WHAT IS NEEDED:
Begin at the line that has "Apartament 1+1 me", stop after the line that has "3195 Camberly Dr, Hampton, PA", and print exactly those lines from the records below, without any pictures.

SOURCE MATERIAL:

##############################

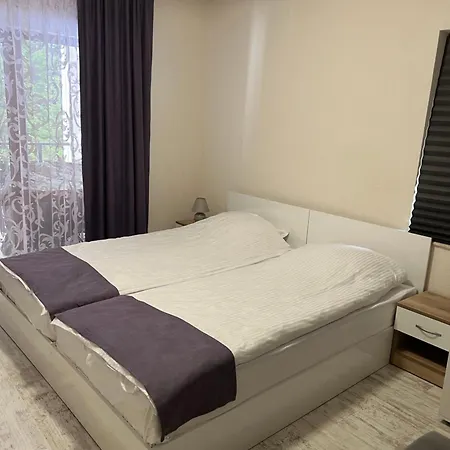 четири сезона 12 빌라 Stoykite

##############################

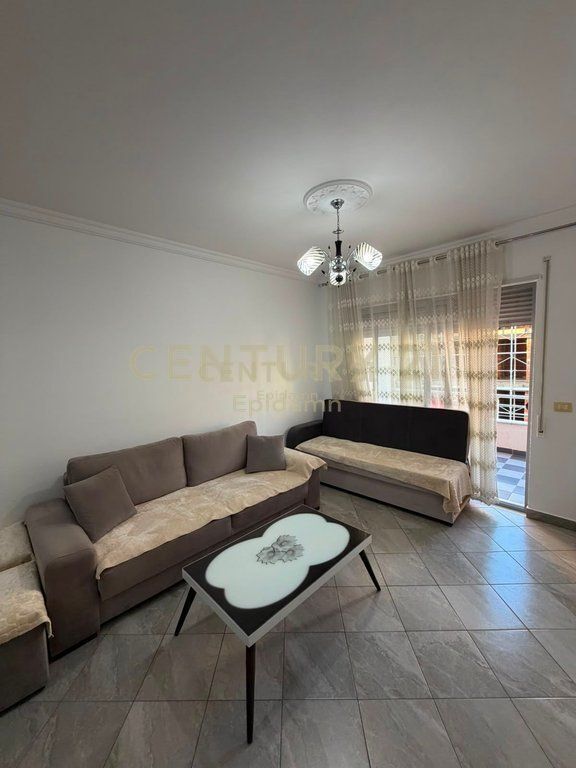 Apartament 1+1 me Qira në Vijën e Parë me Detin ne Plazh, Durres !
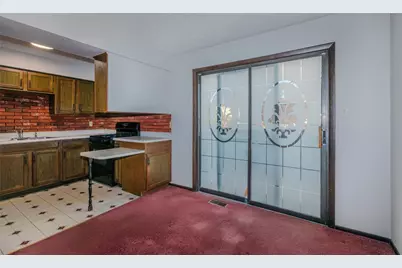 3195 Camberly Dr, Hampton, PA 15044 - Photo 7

##############################

THE COMPLETED TASK:
 Apartament 1+1 me Qira në Vijën e Parë me Detin ne Plazh, Durres !
 3195 Camberly Dr, Hampton, PA 15044 - Photo 7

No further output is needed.